Вид материалаСочинение

Содержание


Эллинистическое искусствознание
Подобный материал:
1   ...   29   30   31   32   33   34   35   36   ...   66
Часть Третья

ЭЛЛИНИСТИЧЕСКОЕ ИСКУССТВОЗНАНИЕ

I. ЛИТЕРАТУРА


§1. Александрийская критика


1. Смысловое происхождение эллинистического интереса к искусству как таковому

Вместе с критическим отношением к предмету родилась и его эстетическая оценка. Эта оценка заключалась уже в самом слове "критик" (criticos) - тот, кто судит, "судья" (crites) - тот, кто выносит обоснованное суждение или решение.

Если в эпоху греческой классики эстетическая оценка художественной предметности была естественным следствием философско-логического анализа космической жизни и ее закономерностей, а сам космос мыслился наивысшим произведением искусства, то уже канун эллинизма в лице Аристотеля, а затем и сама философия эллинизма (стоики, эпикурейцы, скептики) переместили тяжесть исследования на человека и стали искать эту художественную предметность в объективной человеческой деятельности.

Человеческая деятельность в эпоху эллинизма, как известно, была в достаточной мере ограничена рамками частной жизни, а сам человек рассматривался не как гражданин (polites), но как частное лицо (idiotes). Однако, будучи в первую очередь человеком частным, эллинистический ученый, писатель, поэт мог в полной мере не только создавать произведения искусства, но и специализироваться на "критической" деятельности, оттачивая и углубляя свои способности эстетического суждения и субъективного вкуса. Еще у перипатетиков, последователей Аристотеля, таких, как Феофраст, Гераклид Понтийский, или Аристоксен, Иероним Родосский, или Праксифан с Родоса или Лесбоса, "критика" являлась только результатом их философского интереса к проблемам морали, человеческого характера, "этоса" литературного и музыкального произведения, художественного воспитания.

Самостоятельная ценность чисто "критических" и филологических изысканий была обретена уже только у так называемых александрийцев (III-II вв. до н.э.), соединявших изысканную поэзию с ученой эрудицией, духом классификаторства, систематизации и коллекционерства. Однако эта деятельность ученых-поэтов и критиков-филологов заложила основы вообще всего европейского литературоведения и искусствознания. Стало совершенно необходимым, комментируя и толкуя древних поэтов, искать в них те черты, которые приближают их к воображаемому образу идеального поэта, а это значило непрестанно высказывать свои собственные эстетические оценки. Суждения о творчестве (poiёsis) поэта не могли быть вынесены без критического анализа его речи, или стиля (lexis), качества речи (idea), фигур (schёma), поэтических оборотов (tropos). При изучении произведения искусства неизменно обращались к вопросу о соответствии данного предмета его образцу. Вновь возникала неумирающая проблема подражания (mimesis) природе, истинной наставнице жизни и единственной подлинной художнице{284}.

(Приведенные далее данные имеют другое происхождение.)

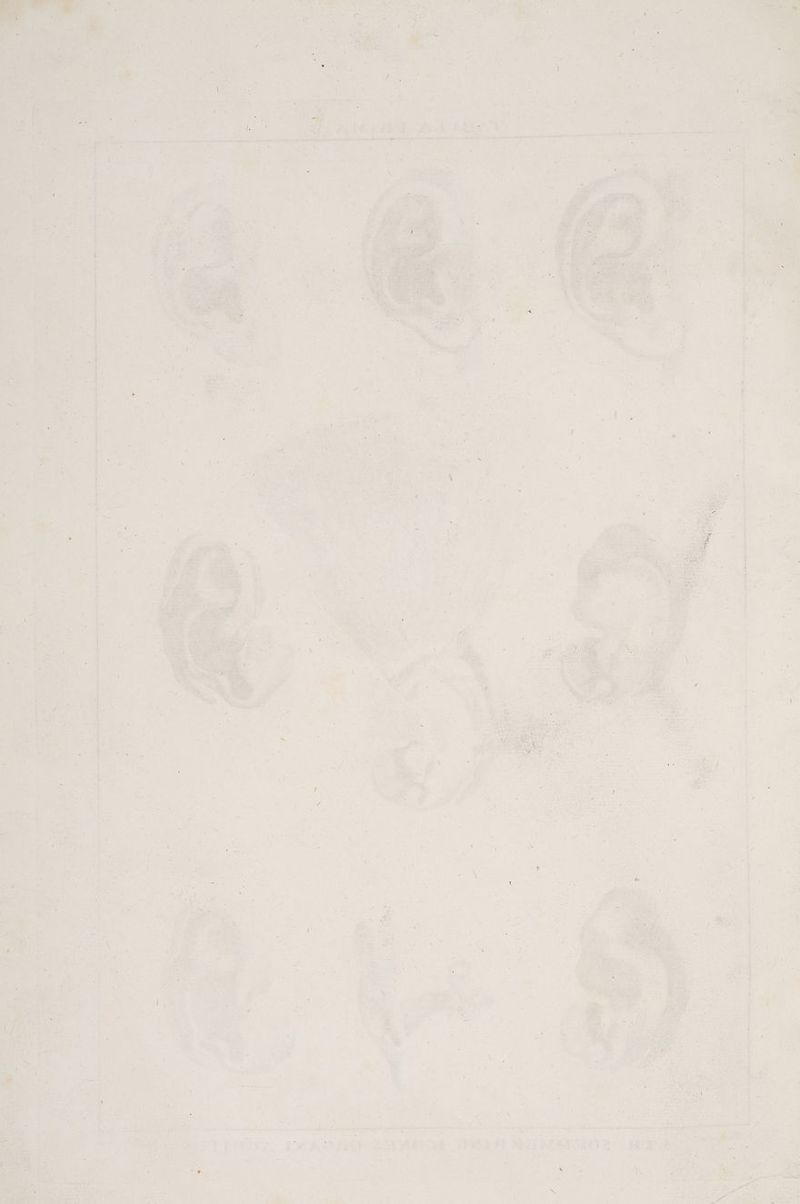 PrA t ä ee a ee 16 AR er N Zr 17% WERE al 2 BD ya A |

2. Главнейшие деятели александрийской литературной критики

Старейшими из александрийских критиков-филологов были Аристарх, Зенодот, Аристофан и Зоил (III в. до н.э.). Одно уже такое имя, как Аристарх, является синонимом строжайшего и беспристрастного литературного судьи. Имя же Зоила (критик, нещадно бранивший Гомера за безнравственность) с тех пор стало нарицательным. Зоила еще и в те времена называли "бичом Гомера" и "риторической собакой". По-видимому, вся эта александрийская критика была чисто формальной, стилистически-языковой. Но под ней, конечно, крылись определенные эстетические воззрения. Изучить их, однако, мы лишены возможности в настоящее время ввиду полной потери соответствующих сочинений. Можно выставить лишь некоторые априорные соображения, которые уяснят самый смысл этого большого явления - александрийской критики.

Дело в том, что с философской точки зрения объективное бытие тем полнее, чем меньше притязает на него субъект. Абсолютное самодовление объективного бытия превращает субъект только лишь в одно из его проявлений. Когда же богатеет субъект и нагружает себя в той или иной мере необходимостью изводить бытие из себя самого, то соответственно беднеет и объективное бытие. Если изучаемый нами период эллинизма содержит в себе некое освобождение субъекта, значит, должна обеднеть предметная сущность таких эстетиков и критиков. И вот почему александрийская критика оперирует с литературой уже чисто формалистически - гораздо уже, чем, например, аристотелевские методы в "Поэтике". Здесь более освобожден индивидуальный рассудок (мнящий себя поэтому максимально-научным). И потому предмет такой философской установки неизбежно становится рационалистическим. Так было всегда и везде: чем более богат субъект, тем механичнее объект. Эту поразительную диалектику мы находим на вполне ясных и осязаемых явлениях XVII-XVIII вв., когда величайшее по своей субъективной выразительности искусство (музыка) развивалось совершенно параллельно величайшему во всей истории культуры естественнонаучному механицизму.

Александрийская наука - это символ рассудочности, систематизма, коллекционерства, каталогизации. Едва ли когда-нибудь раньше греки были в такой мере книжными и кабинетными людьми. Научная мысль и философское учение, художественная оценка и эстетический стиль раньше были достоянием народа. Философы ходили в народ, даже прямо по площадям и базарам, и учили людей истине. Теперь образовалась очень узкая и очень ученая, очень щепетильная, очень капризная и утонченная интеллигенция, которая погружалась в изыскания и в настроения, совершенно чуждые народу. И в то же время, как это и понятно, такая наука и такая эстетика обращалась ко всему миру, с своей тонкостью и безукоризненностью она претендовала на универсальное значение. И она, конечно же, и была универсальной, то есть общеобязательно-научной, объективно-точной для своего времени.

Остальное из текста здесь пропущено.